Intel Optane DC Persistent Memory Modules in the Supermicro Server
What is Aerospike?
Aerospike provides a distributed, highly scalable, non-relational database management system for demanding read/write workloads involving operational data. It was designed to deliver extremely fast—and predictable—response times for accessing data sets that span billions of records in databases of 10s – 100s TB. Aerospike powers a wide variety of strategic applications, including fraud prevention, digital payments, recommendation engines, real-time bidding and more. Aerospike customers include very big names like Adobe, Airtel, FlipKart, Kayak, Nielsen, PayPal, and Wayfair.
Depending on the use case and data set, Aerospike can be deployed in various configurations that optimize the system resources for a use case. Aerospike can be launched with data in memory, or index in memory with data on SSD, or index on SSD with data on SSD. Recently Aerospike released a new configuration that takes advantage of Intel’s Optane DC persistent memory in AppDirect mode. The index is stored in PMEM with the data on SSD. This new mode expands the capacity of Aerospike while maintaining the performance very near to index in memory with data on SSD. Not only does this new mode provide sub millisecond latencies but fast full restarts of Aerospike are possible without primary index rebuilds as well.
By applying different types of workloads across different Aerospike configurations, it is possible to evaluate the benefits and performance from utilizing Intel Optane DC persistent memory on a SuperMicro SuperServer. Running and comparing benchmarks against an index in memory/data on SSD configuration and an index in PMEM/data on SSD provides the information to make an informed choice on the use of persistent memory versus DRAM. There is one additional configuration that can provide additional performance insight for persistent memory. Although the index in PMEM and data in PMEM feature has not been released, there is a way to configure the PMEM on the server to run with index in PMEM and run a portion of PMEM configured as a block device to give you an idea of the performance possibilities for index in PMEM and data in PMEM.
Aerospike NoSQL Configuration
Three different workloads were applied to each of the three different configurations. The Aerospike Java Benchmark generated a 50/50 read/write workload, a read only workload, and a write only workload from 4 client servers.
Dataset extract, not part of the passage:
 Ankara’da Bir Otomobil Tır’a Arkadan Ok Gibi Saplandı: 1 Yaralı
Each test consisted of multiple phases:
- Ingest phase – Loading data into the database.
- Warm up phase – Run a write load for two hours to create a steady state for the database.
- Test phase – Run the actual workload for the test for an hour.
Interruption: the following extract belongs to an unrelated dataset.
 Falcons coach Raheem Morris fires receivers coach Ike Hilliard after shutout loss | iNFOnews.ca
Before running any tests, an appropriate key set and object size for the data were selected. Although Aerospike has a large range of object sizes from couple of bytes to a million bytes, the key set and object size were selected to exercise the server hardware and demonstrate the performance of PMEM configurations. Larger object sizes may create a network bottleneck and not fully demonstrate the power of the Optane DC persistent memory. Therefore an object size of 440 bytes was used for all of the tests.
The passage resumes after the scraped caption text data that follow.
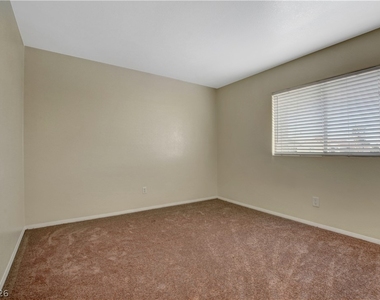 7461 Sunspot Drive - Photo Thumbnail 34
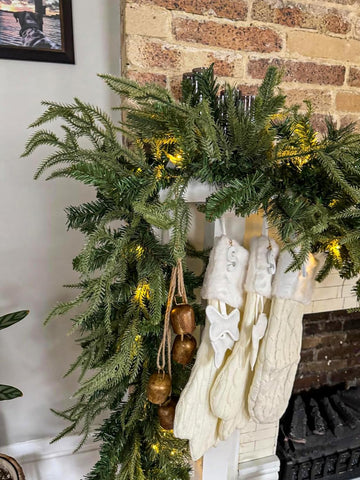 Prelit Christmas Garland 9ft with 50 LED Lights, Battery Opreated Christmas Decor Timer for Mantle Staircase Indoor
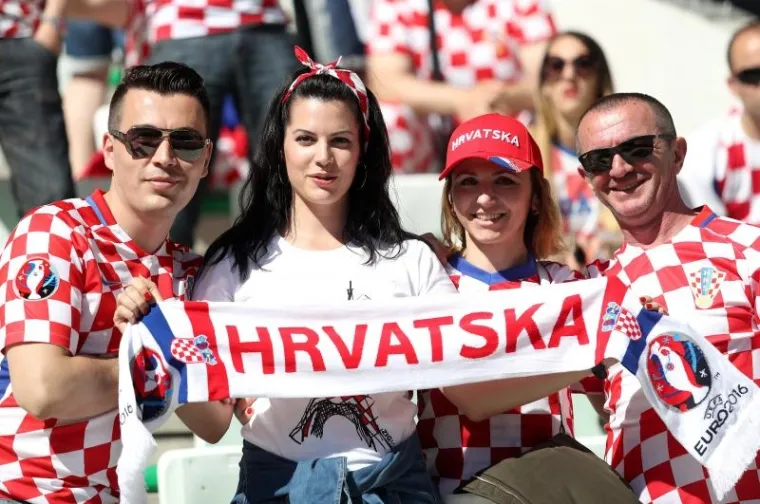 LUDILO NA TRIBINAMA: Pogledajte atmosferu koju su stvorili hrvatski navijači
The key set size was constrained by the amount of memory used for the index in memory/data on SSD configuration. The index in memory configuration was limited to a data set of 4 billion objects. Even though the index in PMEM could handle the capacity of 15.5 billion keys, only 4 billion keys were used for a better comparison to the index in memory test. The final sets of tests were run with index in PMEM and data in PMEM. Because the server had a total of 1.5TB of PMEM, only a billion keys were used for these tests.
The hardware configuration includes two key components. The single database server houses the Intel Optane PC persistent memory. The four client servers generate the load against the database server.
- Chassis – SuperMicro Ultra 1U SYS-1029U-TN10RT
- 2 x Intel Xeon Scalable 8268 (2.9GHz, 24C)
- 2 x Intel Xeon Scalable 8280 (2.7GHz, 28C)
- Storage - 10 x Intel DC P4510 2TB NVMe SSD, 1DWPD
- DRAM - 12 x 32GB DDR4-2933
- Persistent Memory - 12 x 128GB DDR4-2666 Intel Optane DC PMMs
- Network – 100 GbE
- OS - Fedora 29
- Chassis - Dell R740xd
- CPU - 2 x Intel Xeon Scalable 6130
- DRAM - 256GB
- Network – 2 x 25 GbE
- OS - Ubuntu – 18.04
- Software - Aerospike Enterprise 4.5.1
- Load Generator - Aerospike Java Benchmark (Aerospike Java Client 4.4.0)
Aerospike Performance Results
As noted, we ran the test in a variety of workload configurations as well as the location of the index and database. Additionally, we used two different sets of Second Generation Intel Xeon Scalable CPUs. We ran both the 8268's and the 8280's in the database server, the 8280 CPUs being the highest bin Intel CPU that supports Optane DC persistent memory. In raw clockspeed, the 8280's offer a 12Ghz bump over the 8268's, or 8.6% increase in performance. While not in the tables below, it should be noted that in terms of quality of service, all of the latency results for the tests were at or near 100% sub millisecond at the server.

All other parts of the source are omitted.